What is being asked: An exact copy of the lines of the listing below between the "KONG AvoCATo" line and the "Labrador-vom-Hoebersbach-G-Wurf-2022-Welpenfotos-5" line, both included, is the whole answer; please omit the pictures.

Supplied information:
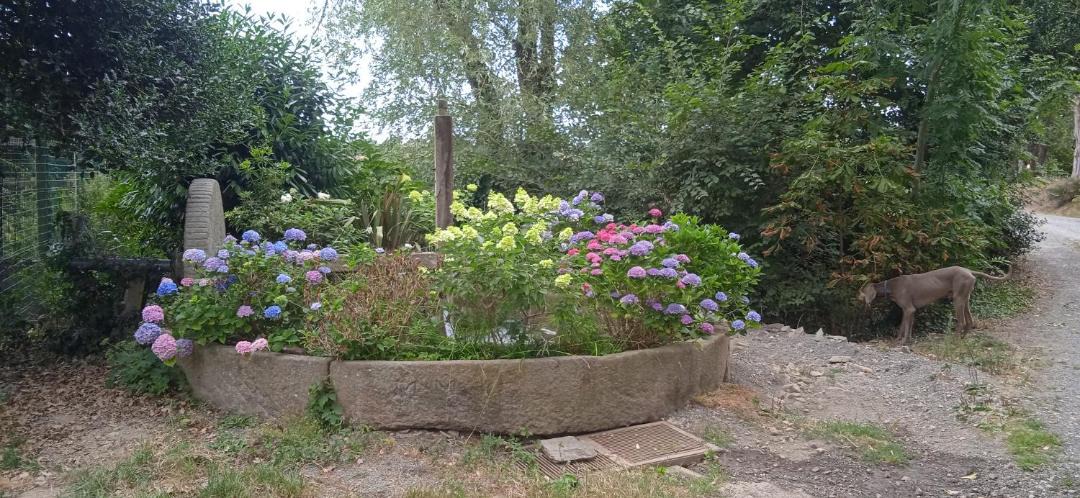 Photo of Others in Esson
--
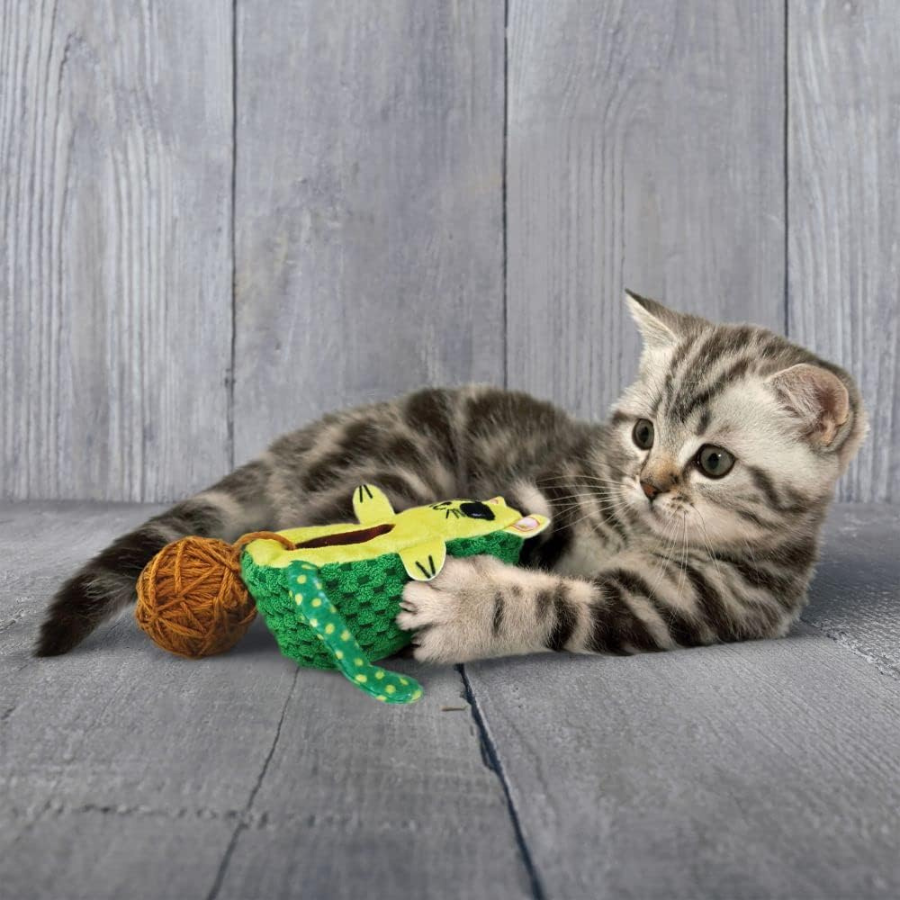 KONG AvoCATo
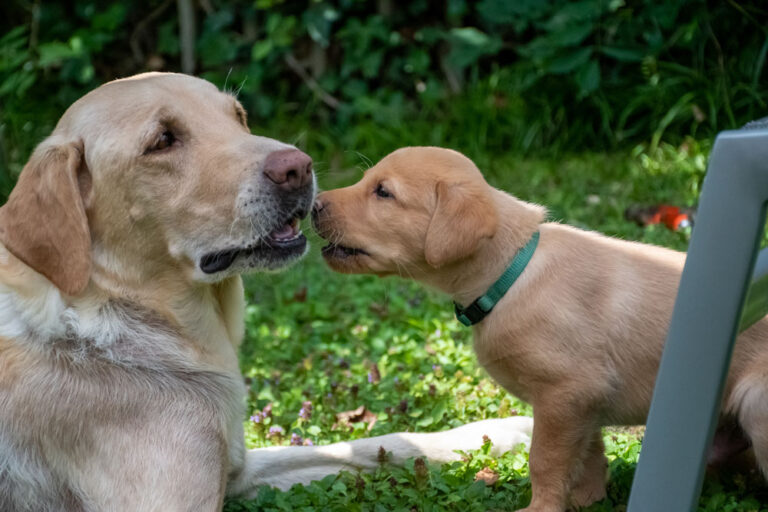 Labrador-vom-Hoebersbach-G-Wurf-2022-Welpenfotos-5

Result:
 KONG AvoCATo
 Labrador-vom-Hoebersbach-G-Wurf-2022-Welpenfotos-5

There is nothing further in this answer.